It’s happening.
The forest, still mostly in its winter hush,
but for the shifting songs of cardinals
and other year-round feathered residents
beginning to sing louder, with more gusto,
the forest is starting to wake up.
Sap is running and spring has begun to show herself.

And yesterday, as if spring equinox was precisely their cue.
the red-wing blackbirds returned.
It doesn’t take a master naturalist to notice this.
One day, occasional bird song could be heard.
The next, as if the heavens opened
and blackbirds spilled out,
the very air, the sky was filled with their red winged music.

It’s a showstopper, a sign of spring, of abundance.
Unprompted, my dog and I stopped in our tracks
looked up and all around
and breathed in their songs.

Meanwhile, humans, weary with winter,
trudge through more ice than snow these days.
We don’t dare look up as we walk,
the ice waits with devilish intentions.

But signs of spring are worth stopping for.
Hope is worth believing in.
Especially as many of us walk
with shoulders slumped from strain.

This has not been an easy time.
No one is without grief, without loss.
Empathy and compassion are yearned for
and sometimes hard to muster
as we work to put one foot in front of the other.

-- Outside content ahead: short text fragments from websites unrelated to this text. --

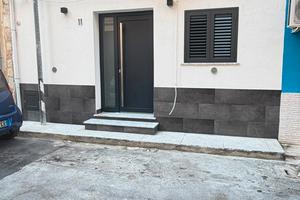 Vicolo Mancuso 11 [Rif.50/26VRG]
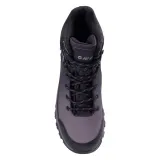 meskie-buty-deneb-mid-42-stan-nowy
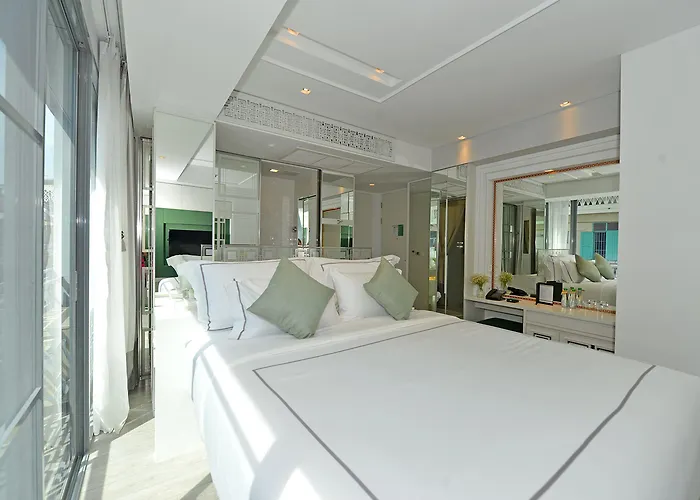 Riva Arun 4*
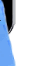 hard drive repair burbank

Still and always, the natural world can fill our souls.
No matter the season, there are always, always
signs of life, of balance, of peace.

Let yourself be stopped in your tracks
by whatever is happening in the real world.
A ray of sunshine, a pattern of clouds, returning migrators,
or a particularly inviting mud puddle—
let these real and Wild moments take you away and within,
to the Wild places that reside in you
and resonate with who you know yourself to be.

Let them heal you from the weight you carry.
Like a strong wind, they will move in and through you,
creating a shift, an opening
where you can breathe from your belly
move with connection and purpose,
and find what you nearly forgot you were looking for.